4. Do you have a plan? George Patton once said “unless you have a plan you are just a tourist” which is absolutely true. If you do not know where you are, or where you are going, any route can get you there. Having a plan is so essential, it is left off many lists, and to many others, it is just an exercise in extrapolation, which although easy, is not what it is all about. Good planning is all about the examination of the assumptions that underlay your business, the assumptions about costs, customers, markets, and competition. At the very least, it offers as my old marketing mentor, Jim Hagler of Harvard used to say, (or rather rumble) “at least you know the point from which you departed”


Most of the help you will need that shows you how to do all this stuff is available on Youtube, and all electronic accounting systems, no matter how simple, have as a core part of their reporting the first three reports.

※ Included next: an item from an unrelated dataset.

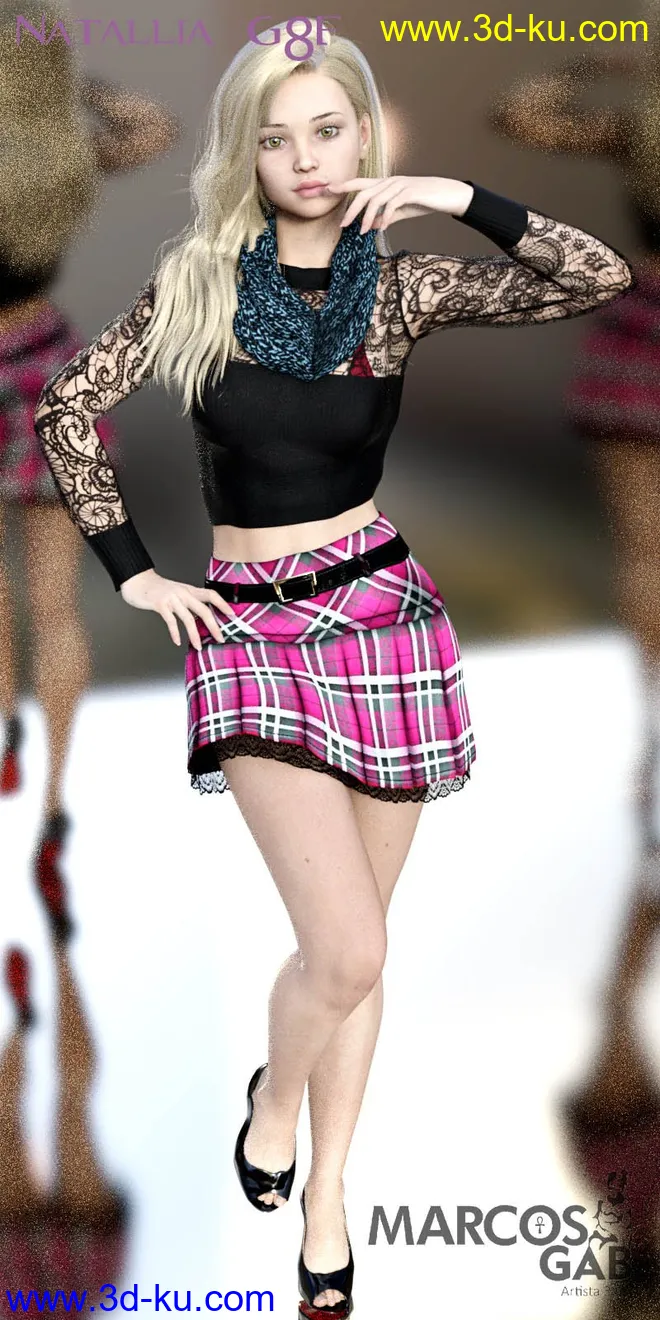 Natallia For Genesis 8 Female模型的图片1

They just need some setting up, and once done, so long as they are maintained, will continue to deliver the numbers essential to the insights needed to make profits.

The last, you need to do in a much more hands on manner. Whilst there are many templates which can be of value, there is no template I have ever seen that will create a plan by itself. You need to do the numbers and research, make the enquiries, incorporate the testing that offers the chance to learn, and  then most importantly, implement, measure and adjust.

The response to these questions offers an insight into the strength of the foundations of a business. We all know that any structure lasts better on a solid foundation, and no matter how fancy the edifice,  it will not last on quicksand.

To build a really solid foundation, you may need the assistance of someone who has done it all many times, and knows the right questions to ask.